Cooperative entrepreneurship

Oparanya reiterated that his ministry is committed to creating a supportive environment for cooperative entrepreneurship through better infrastructure, enhanced access to finance, and robust regulatory frameworks.

He cited the Cooperative Societies Bill, 2024, currently before Parliament, as a key part of the reform agenda.

The Bill introduces stronger ethical leadership requirements, transparency, accountability, and anti-corruption safeguards. It also sets minimum education and competency thresholds for cooperative leaders.

“The Bill strengthens good governance with robust oversight and safeguards institutional integrity through strict penalties and self-regulation frameworks, all designed to restore trust and ensure the sustainability of Kenya’s cooperatives sector,” he said.

He added that the ministry is advancing a comprehensive strategy to strengthen the cooperative sector through governance reforms, legal realignments, and institutional restructuring.

As part of these efforts, a five-member committee of experts was appointed in May to review the Sacco Societies Act, 2008. The review is intended to align the legislation with emerging global standards while enhancing institutional accountability and strengthening regulatory frameworks.

At the same time, the ministry has inaugurated a two-year transition board for the Kenya Union of Savings and Credit Cooperatives (KUSCCO). The board has been tasked with leading the organisation’s restructuring process, safeguarding the interests of members, and repositioning KUSCCO as a credible apex body in cooperative governance.

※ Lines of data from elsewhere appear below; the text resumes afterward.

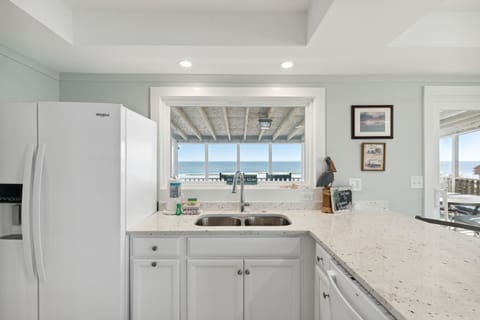 Kitchen with a large window to enjoy ocean views while you're cooking.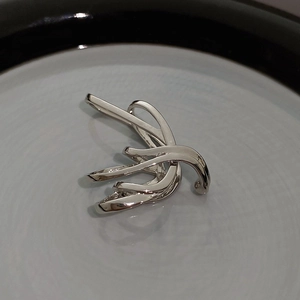 Detailed view of silver butterfly tassel ear clip on a clean monochrome ceramic plate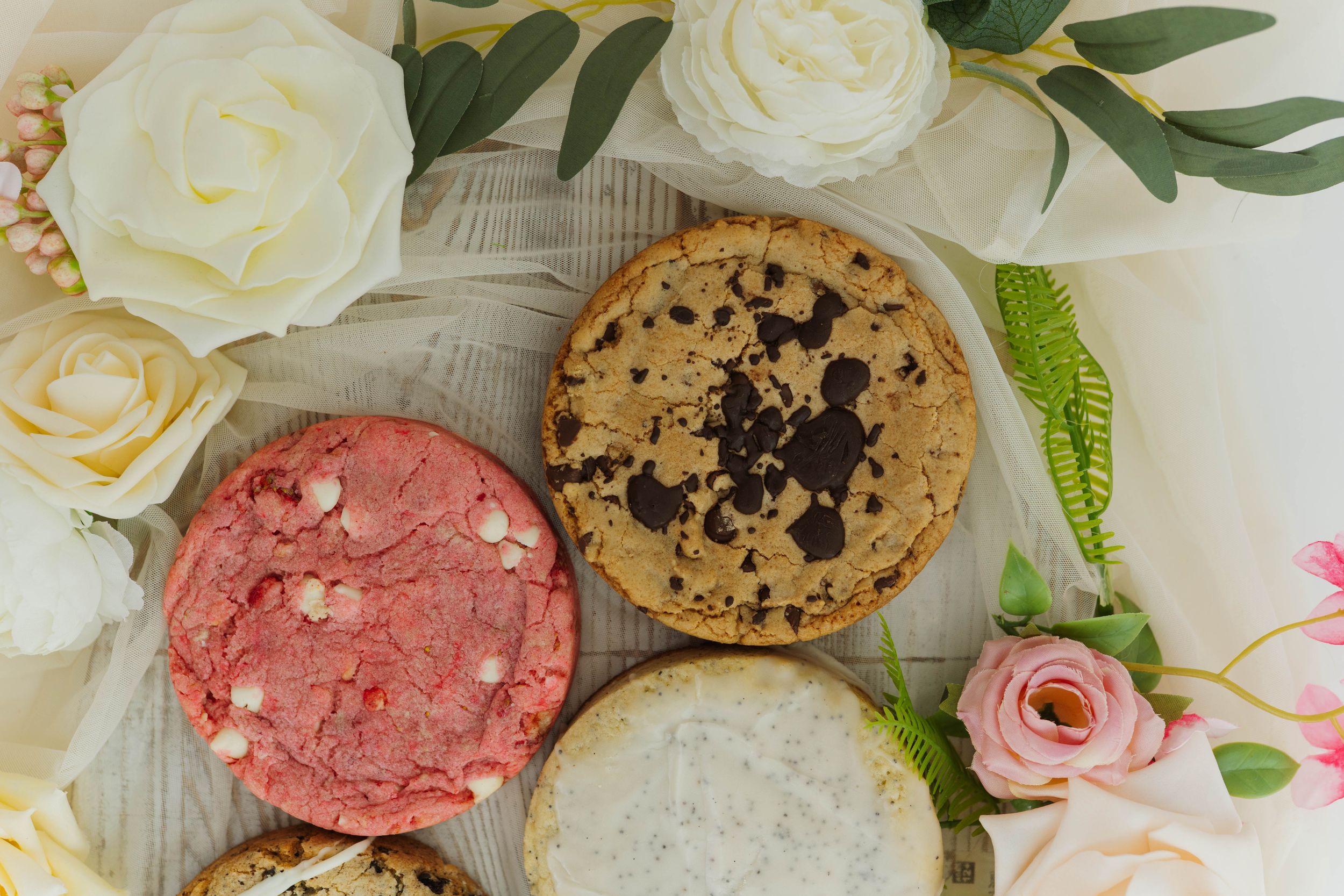 Artisanal cookies and fresh roses arranged on a rustic wooden backdrop.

Producer cooperative governance

The government is also placing renewed focus on producer cooperative governance, particularly within the agricultural sector. Key among the priorities is the revival and professionalisation of coffee cooperatives to promote transparency, restore sound governance, and empower farmers through accountable, member-led institutions.

Oparanya clarified that the reforms are corrective, not punitive.

“They are designed to rebuild trust and position our cooperatives for sustainable growth. We intend to implement them in full consultation and partnership with all sector stakeholders,” he said.

He announced that the ministry is working to facilitate responsible debt management and affordable lending through saccos, backed by the establishment of a Deposit Guarantee Fund. This fund, part of the Sacco Societies Act amendments, is meant to protect members’ savings and enhance financial sector stability.

He further noted that the government is also exploring partnerships with fintech firms to introduce advanced risk management solutions tailored to cooperative needs.

“Effective risk management is crucial for the continued success of cooperatives,” Oparanya said.

He urged cooperative boards and management to undergo continuous training to meet the complex legal, financial, and ethical challenges of modern cooperative leadership.

He also challenged leaders to assess governance structures in their institutions and take corrective action where necessary.

“We must choose integrity over indulgence. We must choose service over personal status. We must choose to build a future of trust, resilience, and shared prosperity for all Kenyans through vibrant cooperatives and empowered MSMEs,” Oparanya said.